I was deployed and was constantly harrased by my leaders. Im a private so no matter what i did to get help, they will say is my word against them. I was evacuated because i had DVT and Pulmonary Embolism. And now that im back to the states and getting the proper medical treatment, they are trying to chapter me out with a fake Â¨depresion disorderÂ¨ which i do not have. I might have PTSD, for i feel so much anger and occasionally have nightmares of when i was back at war. However, no one is giving me the psychological treatment i need. I just know the my current leaders want me out, so i dont know if JAG is my only option? Please any real help!

----------


## Otherside

Can you afford to get help for it elsewhere? I don't know so much about in the US, but I know there's charities and groups over here that are specifically for helping soilders with PTSD.

----------


## tuffsteel100

Try requesting mast. That is your right when you have a grievance with your chain of command. 
Sounds like your suffering from PTSD which are treatable.

----------


## Misssy

Hi Brian, 

I wish I had an idea of what to say but since I wasn't in the military I don't know the system that well. 

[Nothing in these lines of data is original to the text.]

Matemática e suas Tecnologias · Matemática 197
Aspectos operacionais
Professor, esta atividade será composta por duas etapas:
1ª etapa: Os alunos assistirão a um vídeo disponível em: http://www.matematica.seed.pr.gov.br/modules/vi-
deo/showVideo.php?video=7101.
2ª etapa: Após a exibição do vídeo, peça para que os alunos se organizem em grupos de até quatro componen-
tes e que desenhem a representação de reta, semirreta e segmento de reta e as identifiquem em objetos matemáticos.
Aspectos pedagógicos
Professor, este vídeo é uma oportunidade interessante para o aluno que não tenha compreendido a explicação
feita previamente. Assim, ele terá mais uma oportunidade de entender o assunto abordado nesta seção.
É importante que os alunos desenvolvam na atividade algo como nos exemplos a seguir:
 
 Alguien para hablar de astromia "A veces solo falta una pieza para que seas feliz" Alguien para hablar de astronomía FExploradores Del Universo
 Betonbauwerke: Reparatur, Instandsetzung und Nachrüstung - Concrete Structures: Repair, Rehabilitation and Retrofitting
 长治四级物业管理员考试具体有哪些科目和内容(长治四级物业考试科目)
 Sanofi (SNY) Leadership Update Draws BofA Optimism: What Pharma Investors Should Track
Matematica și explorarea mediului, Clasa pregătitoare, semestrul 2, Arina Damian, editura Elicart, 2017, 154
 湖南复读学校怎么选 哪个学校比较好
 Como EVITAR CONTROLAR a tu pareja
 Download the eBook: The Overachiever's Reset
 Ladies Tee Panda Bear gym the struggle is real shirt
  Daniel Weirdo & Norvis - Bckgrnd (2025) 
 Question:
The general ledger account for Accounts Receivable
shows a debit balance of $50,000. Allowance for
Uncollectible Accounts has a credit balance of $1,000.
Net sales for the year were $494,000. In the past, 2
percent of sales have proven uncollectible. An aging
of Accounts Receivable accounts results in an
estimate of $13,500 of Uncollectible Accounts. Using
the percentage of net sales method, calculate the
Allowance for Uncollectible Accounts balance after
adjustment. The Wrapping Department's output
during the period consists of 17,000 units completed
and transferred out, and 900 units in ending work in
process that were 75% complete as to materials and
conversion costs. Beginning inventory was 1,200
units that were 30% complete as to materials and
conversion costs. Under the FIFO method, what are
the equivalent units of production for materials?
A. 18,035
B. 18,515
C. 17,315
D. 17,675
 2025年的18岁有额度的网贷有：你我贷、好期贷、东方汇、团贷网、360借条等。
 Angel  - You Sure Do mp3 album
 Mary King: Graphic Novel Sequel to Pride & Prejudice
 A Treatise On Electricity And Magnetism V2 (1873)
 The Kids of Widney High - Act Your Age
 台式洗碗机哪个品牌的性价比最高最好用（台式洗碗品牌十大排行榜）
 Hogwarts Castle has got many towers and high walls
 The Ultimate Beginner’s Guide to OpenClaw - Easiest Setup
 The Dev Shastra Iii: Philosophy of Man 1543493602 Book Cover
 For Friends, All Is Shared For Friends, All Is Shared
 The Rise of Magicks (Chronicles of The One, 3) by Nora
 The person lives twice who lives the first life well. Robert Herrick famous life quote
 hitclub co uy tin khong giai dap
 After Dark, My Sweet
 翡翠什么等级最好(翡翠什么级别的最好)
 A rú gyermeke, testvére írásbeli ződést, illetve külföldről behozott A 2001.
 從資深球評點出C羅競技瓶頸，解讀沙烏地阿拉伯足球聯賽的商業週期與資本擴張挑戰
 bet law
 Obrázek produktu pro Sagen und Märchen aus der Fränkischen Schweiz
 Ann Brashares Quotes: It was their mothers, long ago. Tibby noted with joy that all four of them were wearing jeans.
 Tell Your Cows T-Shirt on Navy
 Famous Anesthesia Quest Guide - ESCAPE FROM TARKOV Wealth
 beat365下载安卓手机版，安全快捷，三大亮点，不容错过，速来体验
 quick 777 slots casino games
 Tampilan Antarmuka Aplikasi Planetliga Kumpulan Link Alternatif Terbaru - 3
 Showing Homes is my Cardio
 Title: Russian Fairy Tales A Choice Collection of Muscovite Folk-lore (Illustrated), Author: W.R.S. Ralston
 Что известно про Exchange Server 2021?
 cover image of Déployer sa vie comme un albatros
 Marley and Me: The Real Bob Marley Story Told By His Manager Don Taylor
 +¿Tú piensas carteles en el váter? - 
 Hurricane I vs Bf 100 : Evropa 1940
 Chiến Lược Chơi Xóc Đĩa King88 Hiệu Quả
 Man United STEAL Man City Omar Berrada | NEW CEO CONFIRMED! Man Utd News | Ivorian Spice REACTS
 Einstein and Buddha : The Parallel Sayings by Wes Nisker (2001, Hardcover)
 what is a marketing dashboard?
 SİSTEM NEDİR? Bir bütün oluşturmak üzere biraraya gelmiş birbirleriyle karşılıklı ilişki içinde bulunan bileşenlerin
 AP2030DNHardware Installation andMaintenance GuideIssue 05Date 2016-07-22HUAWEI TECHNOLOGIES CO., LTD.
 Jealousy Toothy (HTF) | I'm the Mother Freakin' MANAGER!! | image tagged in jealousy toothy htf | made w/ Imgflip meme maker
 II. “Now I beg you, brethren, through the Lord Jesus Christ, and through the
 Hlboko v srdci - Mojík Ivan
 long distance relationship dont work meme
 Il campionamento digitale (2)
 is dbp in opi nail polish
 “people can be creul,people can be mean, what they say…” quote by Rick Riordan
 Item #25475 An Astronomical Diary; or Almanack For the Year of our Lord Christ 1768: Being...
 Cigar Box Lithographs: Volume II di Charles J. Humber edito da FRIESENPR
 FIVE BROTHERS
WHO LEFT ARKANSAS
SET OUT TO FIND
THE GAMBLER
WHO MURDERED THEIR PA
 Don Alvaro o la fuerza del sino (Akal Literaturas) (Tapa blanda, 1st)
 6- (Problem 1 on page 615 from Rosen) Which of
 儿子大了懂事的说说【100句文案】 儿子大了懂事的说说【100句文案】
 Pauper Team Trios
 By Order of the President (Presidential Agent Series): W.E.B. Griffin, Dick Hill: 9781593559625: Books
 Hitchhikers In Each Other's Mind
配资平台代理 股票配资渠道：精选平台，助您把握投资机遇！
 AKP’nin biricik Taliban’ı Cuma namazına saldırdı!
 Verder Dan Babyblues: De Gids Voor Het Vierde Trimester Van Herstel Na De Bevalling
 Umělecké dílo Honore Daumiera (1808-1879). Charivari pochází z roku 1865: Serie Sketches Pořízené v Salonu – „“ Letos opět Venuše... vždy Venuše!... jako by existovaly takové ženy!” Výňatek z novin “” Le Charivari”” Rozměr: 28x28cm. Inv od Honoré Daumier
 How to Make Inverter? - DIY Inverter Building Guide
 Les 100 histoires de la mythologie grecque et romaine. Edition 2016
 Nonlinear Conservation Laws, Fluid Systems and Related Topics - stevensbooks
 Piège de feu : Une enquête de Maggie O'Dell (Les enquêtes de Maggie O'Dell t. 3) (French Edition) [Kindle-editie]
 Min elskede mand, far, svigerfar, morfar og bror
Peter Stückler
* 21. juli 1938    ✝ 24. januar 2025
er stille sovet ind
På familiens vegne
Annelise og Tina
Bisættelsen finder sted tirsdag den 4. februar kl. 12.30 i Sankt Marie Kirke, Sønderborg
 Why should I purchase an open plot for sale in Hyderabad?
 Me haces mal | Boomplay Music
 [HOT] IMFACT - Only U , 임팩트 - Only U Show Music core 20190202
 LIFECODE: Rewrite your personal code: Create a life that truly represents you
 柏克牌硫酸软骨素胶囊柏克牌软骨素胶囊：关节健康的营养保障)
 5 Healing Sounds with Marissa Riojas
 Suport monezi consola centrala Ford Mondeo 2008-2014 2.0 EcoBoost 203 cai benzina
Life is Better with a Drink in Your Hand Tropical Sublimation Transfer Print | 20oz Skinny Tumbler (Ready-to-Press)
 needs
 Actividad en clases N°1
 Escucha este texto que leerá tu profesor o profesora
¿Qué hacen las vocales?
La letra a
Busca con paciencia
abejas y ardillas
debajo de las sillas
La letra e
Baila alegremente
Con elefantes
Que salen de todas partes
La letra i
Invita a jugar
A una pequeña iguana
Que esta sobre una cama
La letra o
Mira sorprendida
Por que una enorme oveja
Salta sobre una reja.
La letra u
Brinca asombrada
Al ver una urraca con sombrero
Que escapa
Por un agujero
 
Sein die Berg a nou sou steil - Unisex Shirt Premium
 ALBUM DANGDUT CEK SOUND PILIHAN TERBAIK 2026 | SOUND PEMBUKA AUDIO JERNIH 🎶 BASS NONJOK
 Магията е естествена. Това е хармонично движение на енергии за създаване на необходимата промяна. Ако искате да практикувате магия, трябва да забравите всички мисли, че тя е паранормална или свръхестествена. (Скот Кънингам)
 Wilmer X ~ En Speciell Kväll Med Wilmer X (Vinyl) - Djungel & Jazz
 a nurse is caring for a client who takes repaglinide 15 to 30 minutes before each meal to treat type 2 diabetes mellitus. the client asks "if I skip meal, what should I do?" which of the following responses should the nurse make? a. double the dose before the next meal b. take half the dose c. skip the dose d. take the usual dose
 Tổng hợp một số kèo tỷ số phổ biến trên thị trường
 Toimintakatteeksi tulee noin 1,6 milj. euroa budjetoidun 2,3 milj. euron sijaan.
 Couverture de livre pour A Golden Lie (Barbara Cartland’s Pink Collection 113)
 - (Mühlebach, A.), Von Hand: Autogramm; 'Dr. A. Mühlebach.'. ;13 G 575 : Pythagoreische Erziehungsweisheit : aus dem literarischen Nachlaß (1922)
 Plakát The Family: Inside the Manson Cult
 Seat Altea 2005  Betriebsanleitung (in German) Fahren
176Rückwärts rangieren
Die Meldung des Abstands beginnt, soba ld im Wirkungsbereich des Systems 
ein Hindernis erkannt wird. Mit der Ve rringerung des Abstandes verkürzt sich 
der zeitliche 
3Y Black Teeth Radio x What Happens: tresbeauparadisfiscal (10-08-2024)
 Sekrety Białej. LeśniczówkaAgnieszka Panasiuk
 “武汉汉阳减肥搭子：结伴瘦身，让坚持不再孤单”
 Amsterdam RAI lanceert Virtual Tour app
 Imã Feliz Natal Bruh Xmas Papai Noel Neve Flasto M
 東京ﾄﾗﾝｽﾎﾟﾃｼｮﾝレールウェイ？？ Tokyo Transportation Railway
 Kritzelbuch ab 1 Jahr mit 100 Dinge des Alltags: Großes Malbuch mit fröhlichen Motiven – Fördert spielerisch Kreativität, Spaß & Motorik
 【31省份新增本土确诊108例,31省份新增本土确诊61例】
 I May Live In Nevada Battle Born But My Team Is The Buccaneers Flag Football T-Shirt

I would imagine that pulmonary embolism/and side impact of having such, or being at a higher risk for pulmonary embolism is enough to get medical discharge. Definitely try to seek out alternative opinions even if they don't seem "helpful" because when you go to see other docs outside of the military circle they have to create paperwork which is documentation as well. If you are concerned about tagged with some kind of depression label. 

The term depression can annoy me because I think it is a symptom of other things. Not only a disease on it's own. I think depression in some ways can be seen more as a verb than a noun. Though maybe this is getting far away from your original post. 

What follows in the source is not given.